◆ **TRY IT**
Copy out nothing but the lines from the one holding "Vessels near the" through the end of the entries below, exactly as written and without the pictures.

● ● ● ●

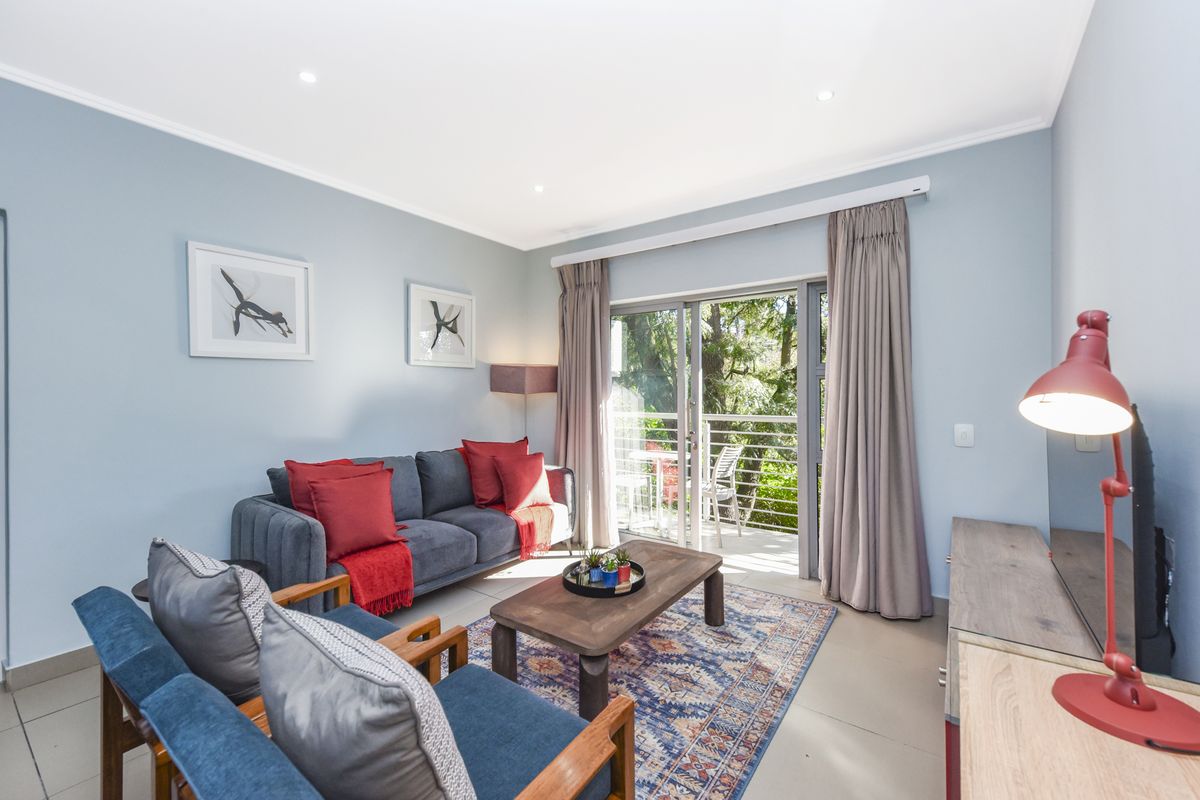 A bright and well-maintained living room featuring tiled flooring, recessed downlights, and a sliding glass door providing access to an outdoor balcony area.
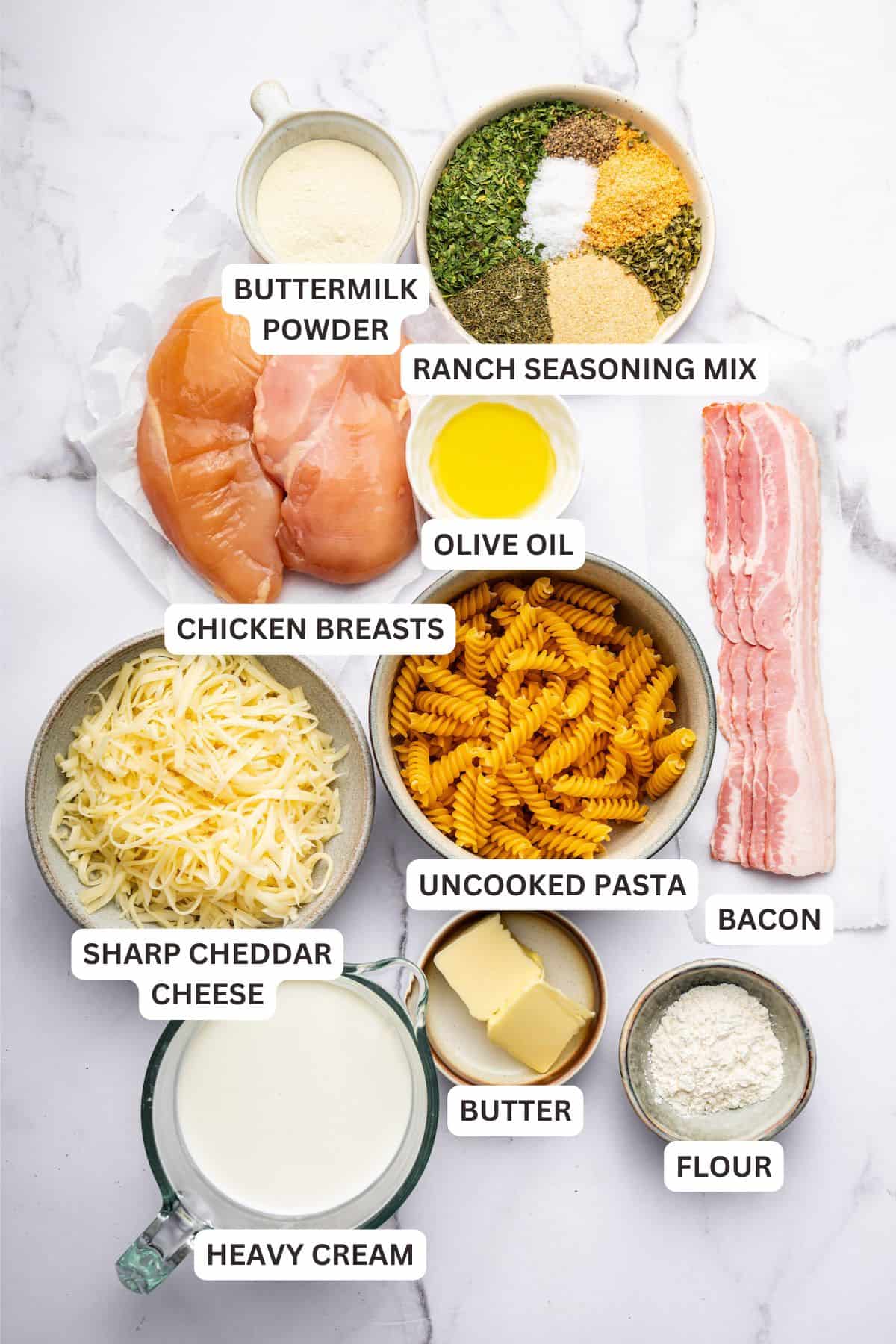 Overhead view of ingredients for chicken bacon ranch pasta with labels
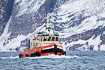 Tug boat on norwegian fiord by the Barents Sea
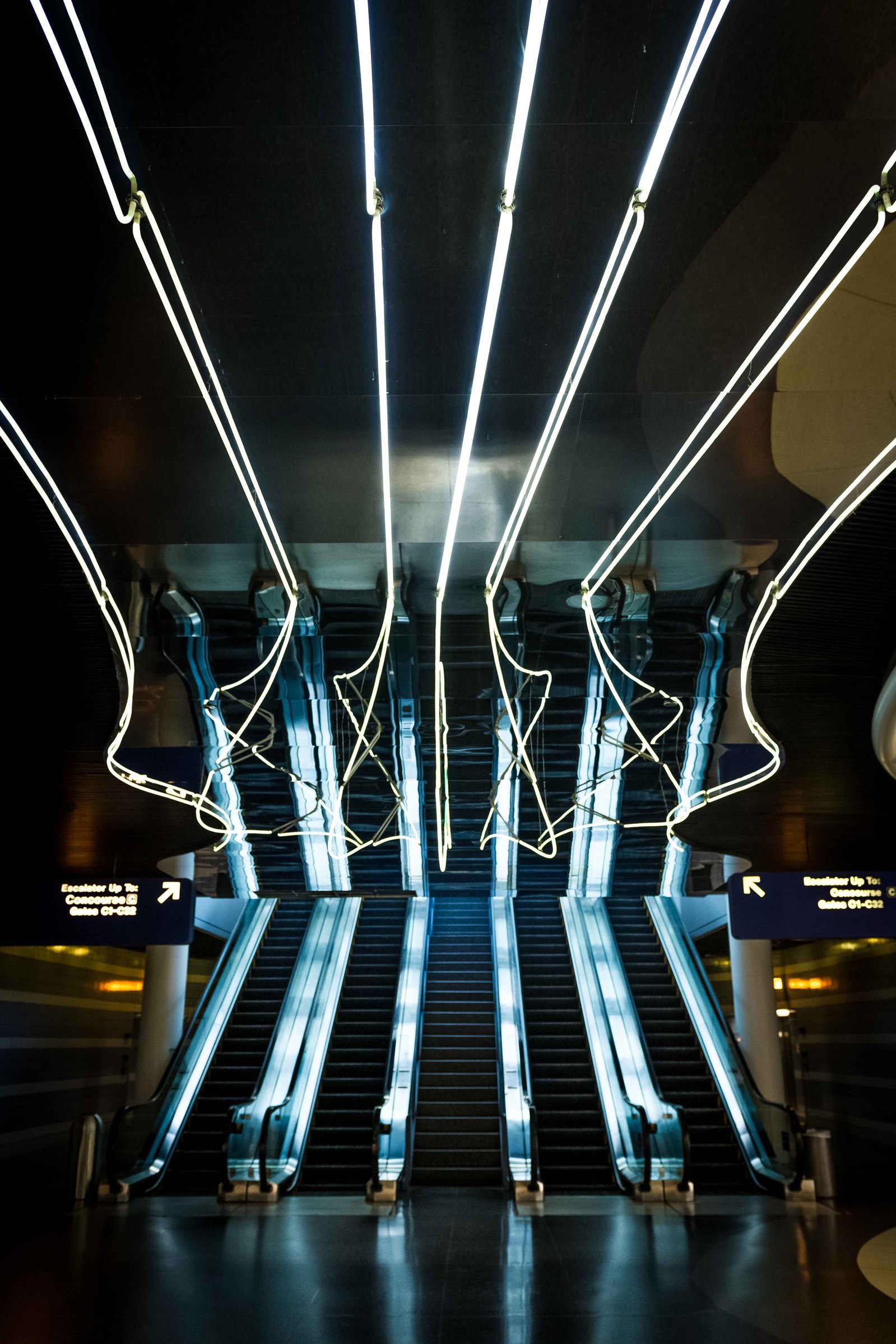 An image of an intricate high tech looking escalator at Chicago O'Hare's airport.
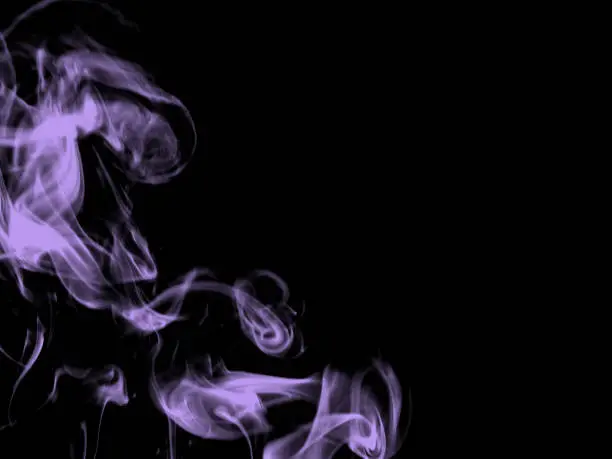 Colorful smoke on dark background.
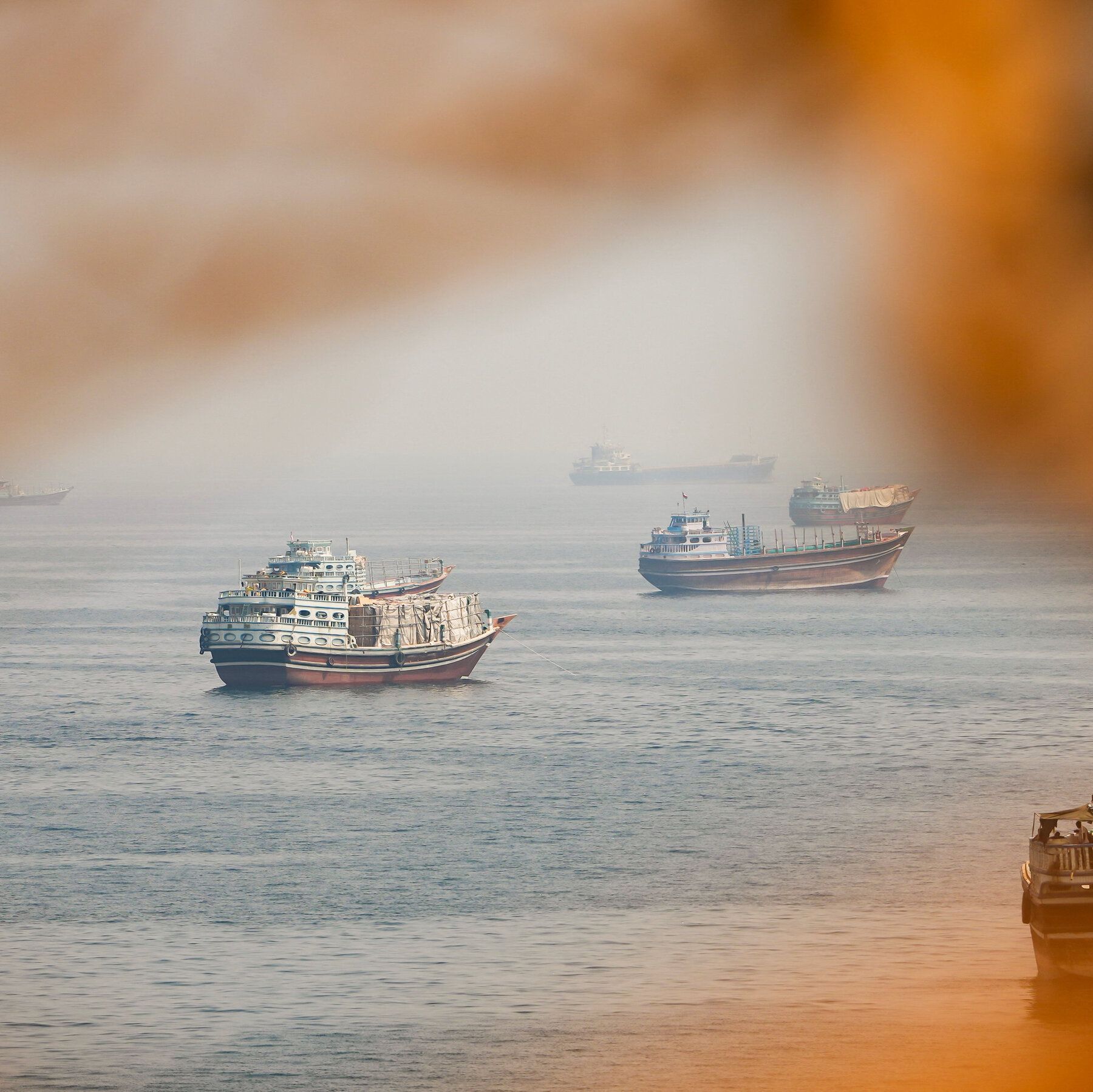 Vessels near the Strait of Hormuz, as seen from Musandam, Oman, on Monday. - nytimes.com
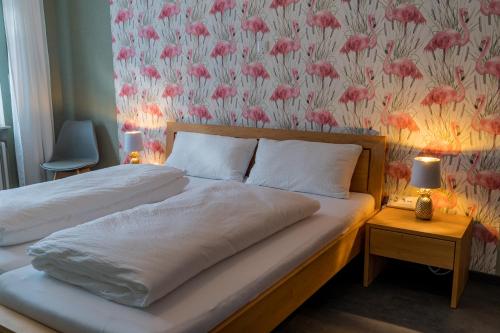 a bedroom with two beds with a floral wallpaper at Ferienwohnung Nadine Petschler in Obereisenheim
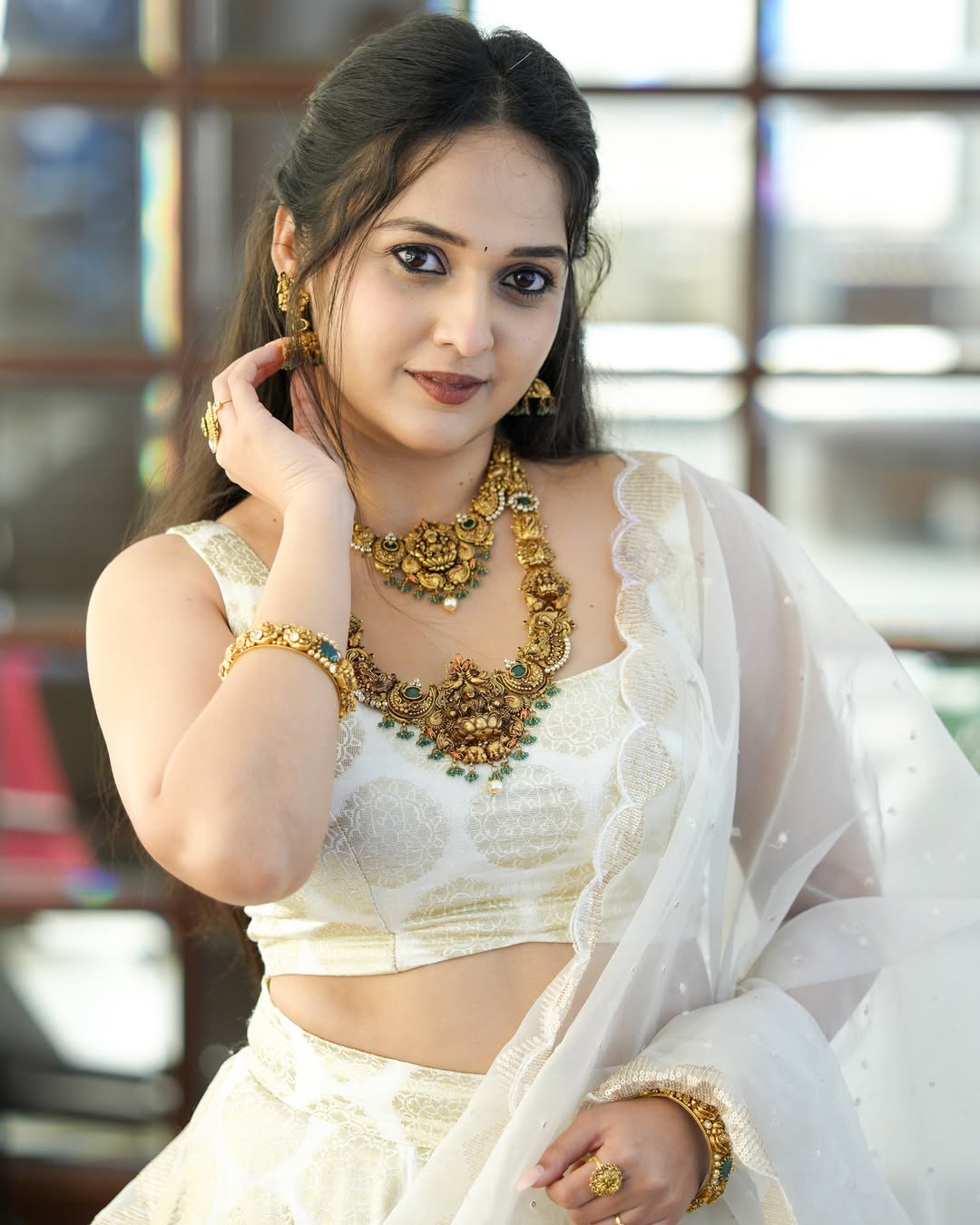 Spandana Somanna glowing in golden jewelry style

● ● ● ●

◆ **YOUR SOLUTION**
 Vessels near the Strait of Hormuz, as seen from Musandam, Oman, on Monday. - nytimes.com
 a bedroom with two beds with a floral wallpaper at Ferienwohnung Nadine Petschler in Obereisenheim
 Spandana Somanna glowing in golden jewelry style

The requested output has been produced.